Top of Listed entries

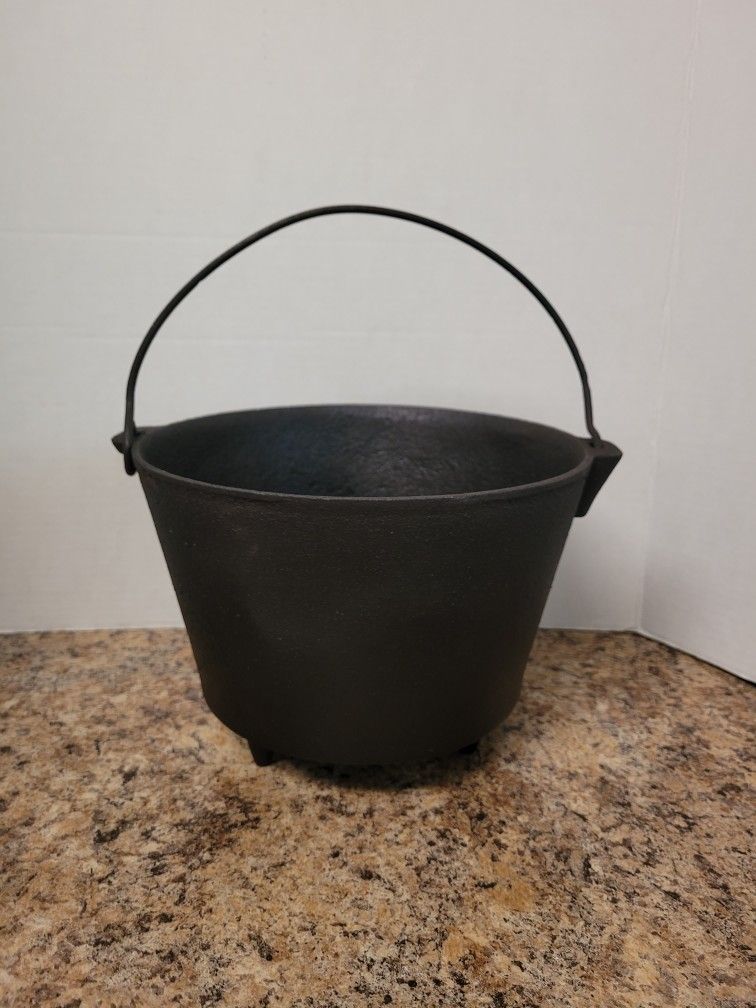 Cast Iron Pot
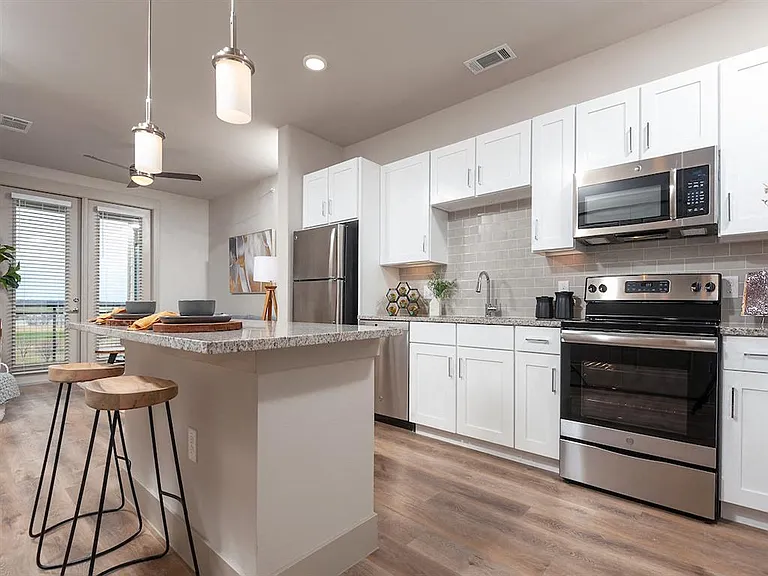The Kelley at Samuels Ave — Photo 45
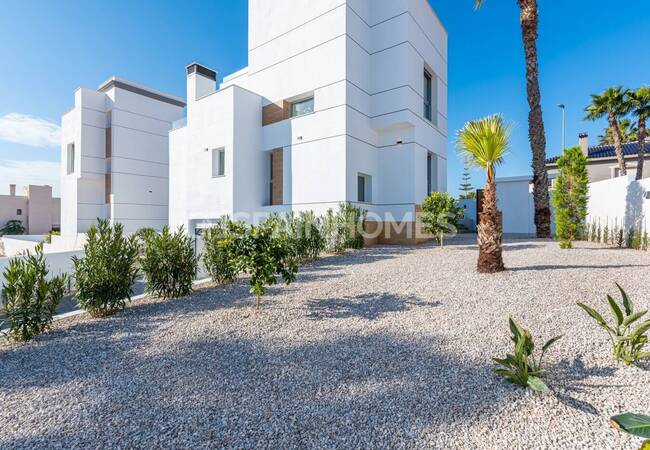 Villas 4 Chambres Avec Piscine Et Solarium À Ciudad Quesada 8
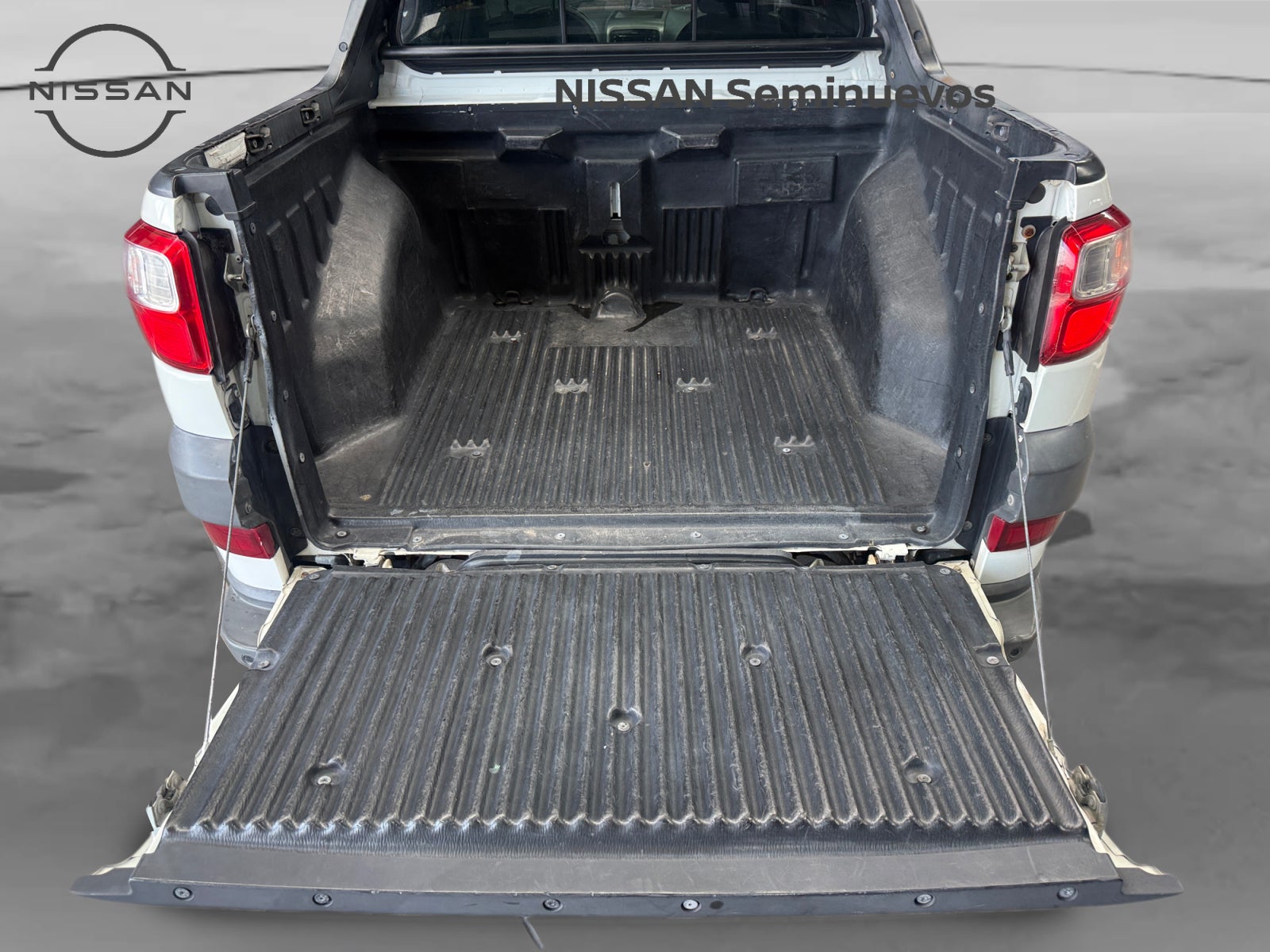 2018 RAM 700 SLT DOBLE CAB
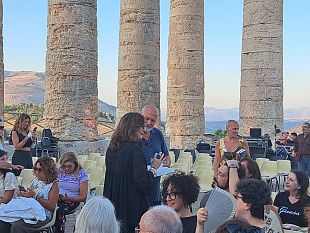tempio-di-segesta-grande-successo-di-pubblico-per-la-prima-serata-del-k-festival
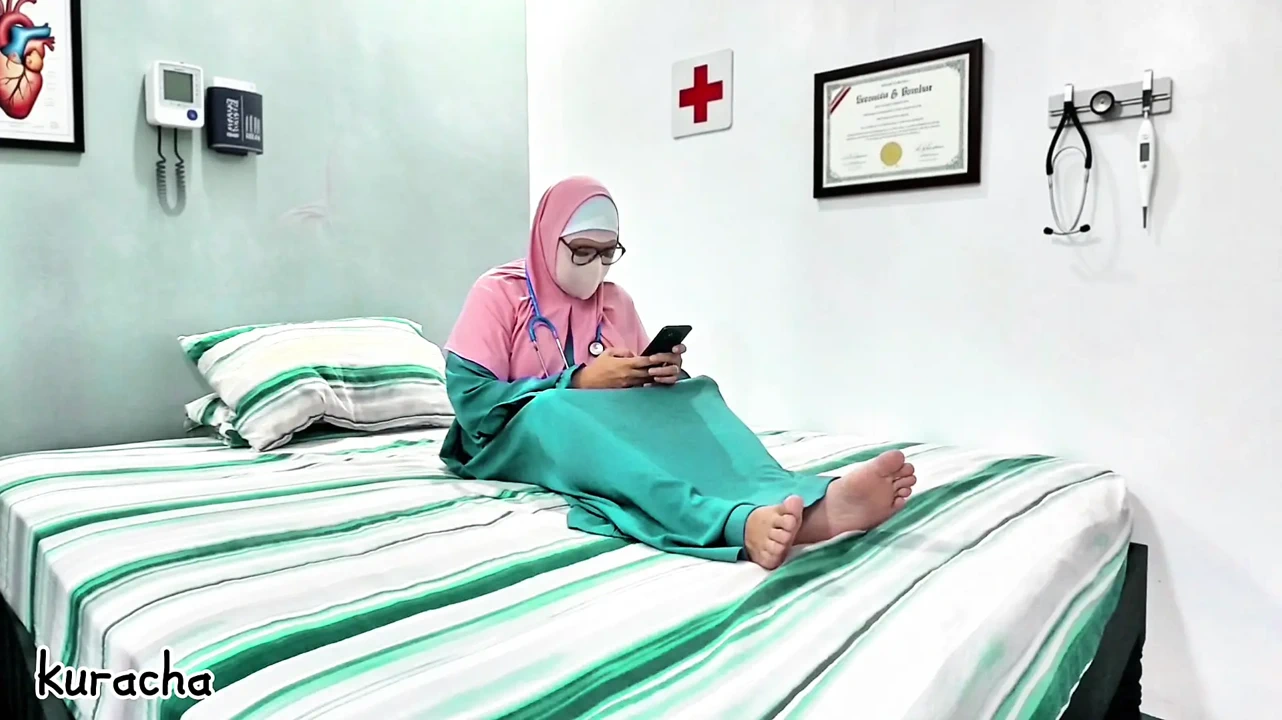 Hijab Muslim Doctor Video Call With Her Secret Lover On Breaktime At Hospital
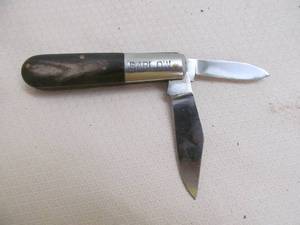 lot 40 image: Barlow pocket knife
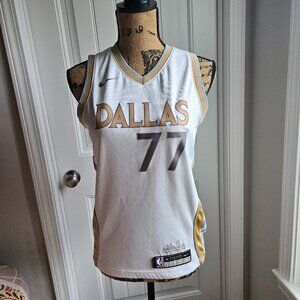 Nike Dallas Mavericks Luca Doncic City Edition Jersey Size Youth M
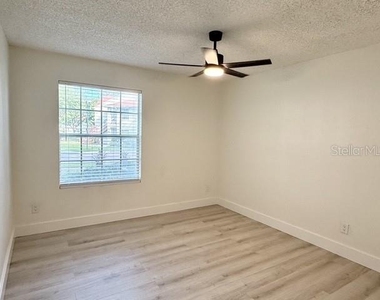 11594 Westwood Boulevard - Photo Thumbnail 14
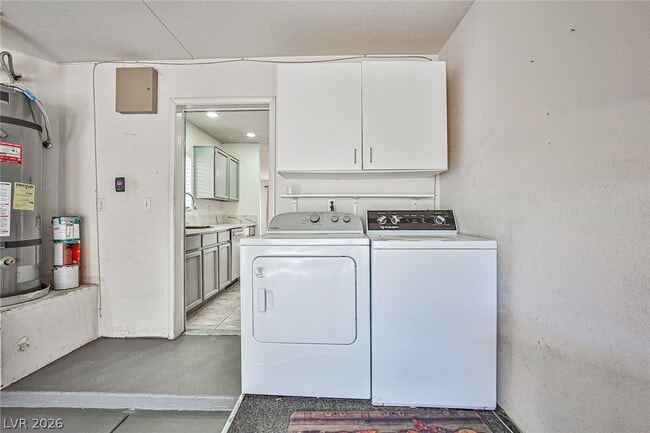 Building Photo - 9285 Casa Christina Ln
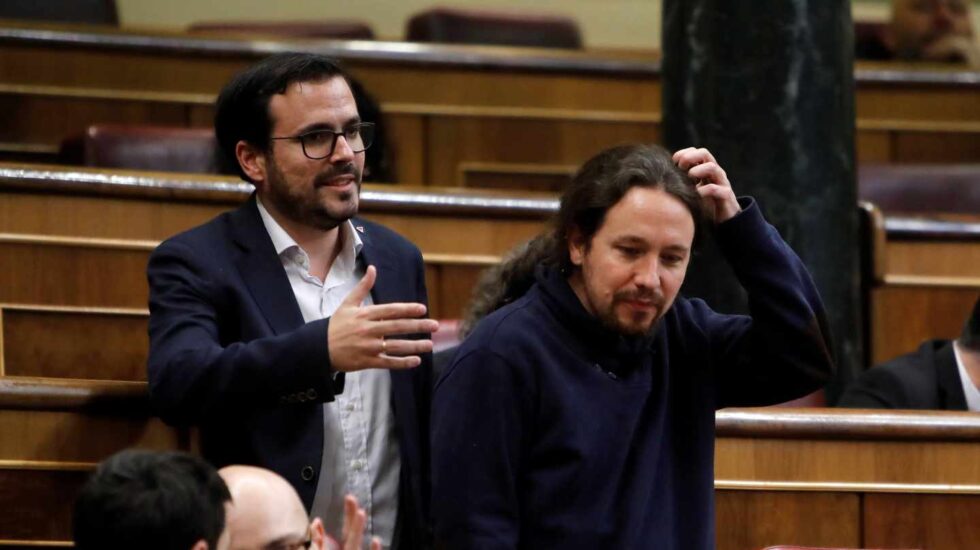 Alberto Garzón y Pablo Iglesias, en el Congreso.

Bottom of Listed entries

Problem: The line that contains "Building Photo - 9285 Casa Christina Ln" begins the part to retype, and the last line of the records above ends it. Retype both and everything between, exactly, without the pictures.

Output for this task:
 Building Photo - 9285 Casa Christina Ln
 Alberto Garzón y Pablo Iglesias, en el Congreso.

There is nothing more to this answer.